PROMPT -
Could you give back exactly the lines below from the one with "Zoltan, társkereső Nagykanizsa" through the one with "Снимка на Sunglasses", without a single picture?

DATASET EXTRACT -
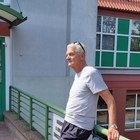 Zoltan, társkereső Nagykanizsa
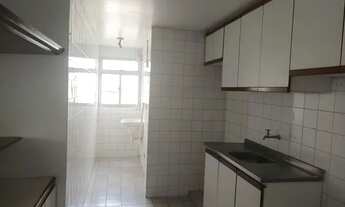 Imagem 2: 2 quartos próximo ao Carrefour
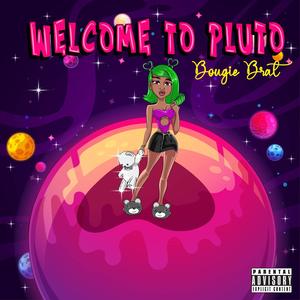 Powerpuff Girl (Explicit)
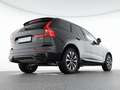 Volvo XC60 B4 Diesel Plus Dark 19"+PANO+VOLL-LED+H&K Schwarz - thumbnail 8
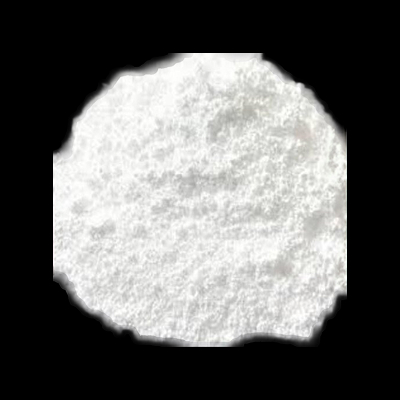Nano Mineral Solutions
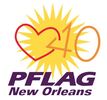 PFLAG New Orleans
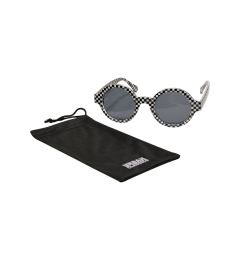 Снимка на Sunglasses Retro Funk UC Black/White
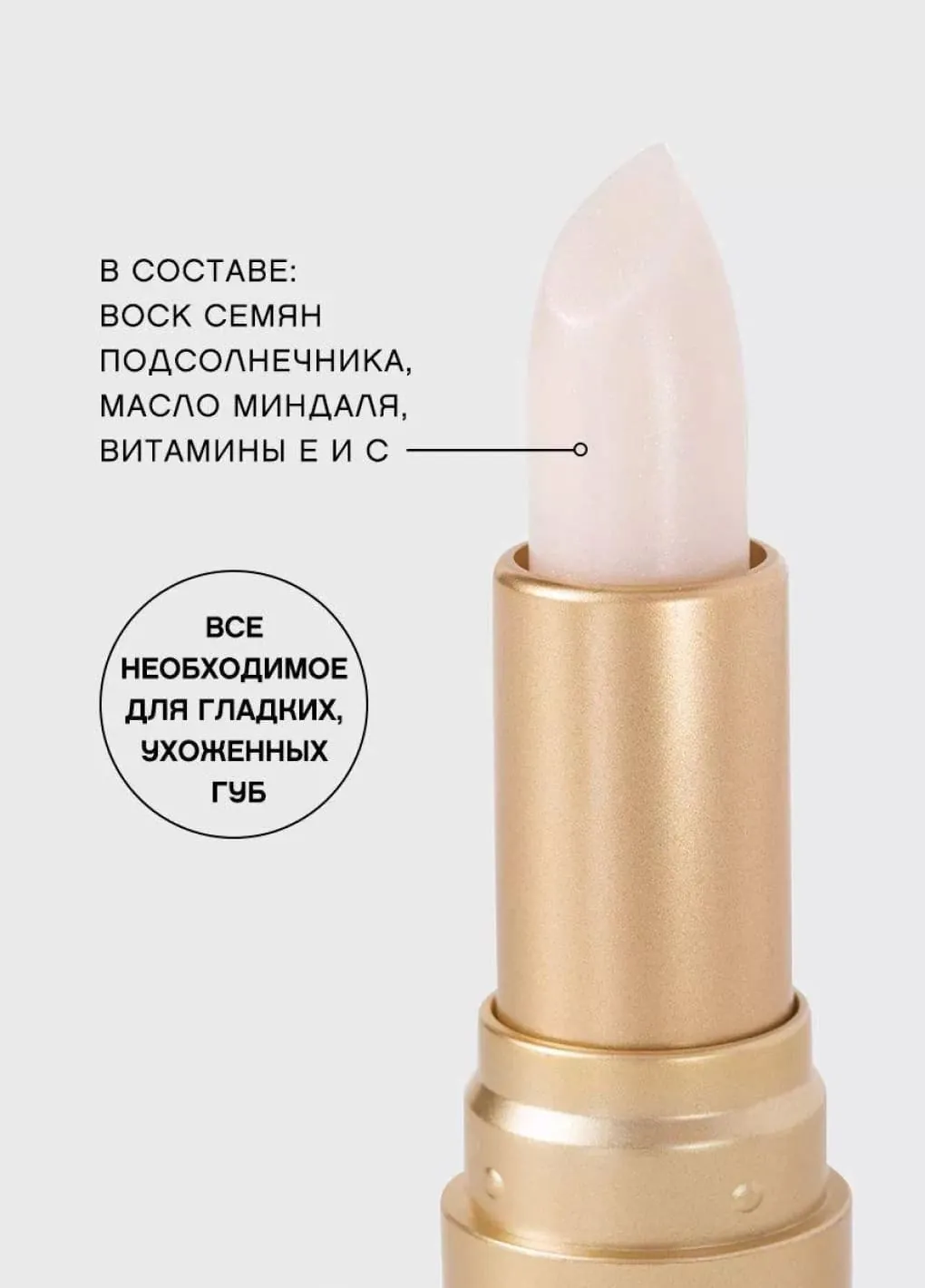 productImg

==

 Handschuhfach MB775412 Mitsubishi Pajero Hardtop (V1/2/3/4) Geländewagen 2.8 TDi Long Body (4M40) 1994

RESULT -
 Zoltan, társkereső Nagykanizsa
 Imagem 2: 2 quartos próximo ao Carrefour
 Powerpuff Girl (Explicit)
 Volvo XC60 B4 Diesel Plus Dark 19"+PANO+VOLL-LED+H&K Schwarz - thumbnail 8
Nano Mineral Solutions
 PFLAG New Orleans
 Снимка на Sunglasses Retro Funk UC Black/White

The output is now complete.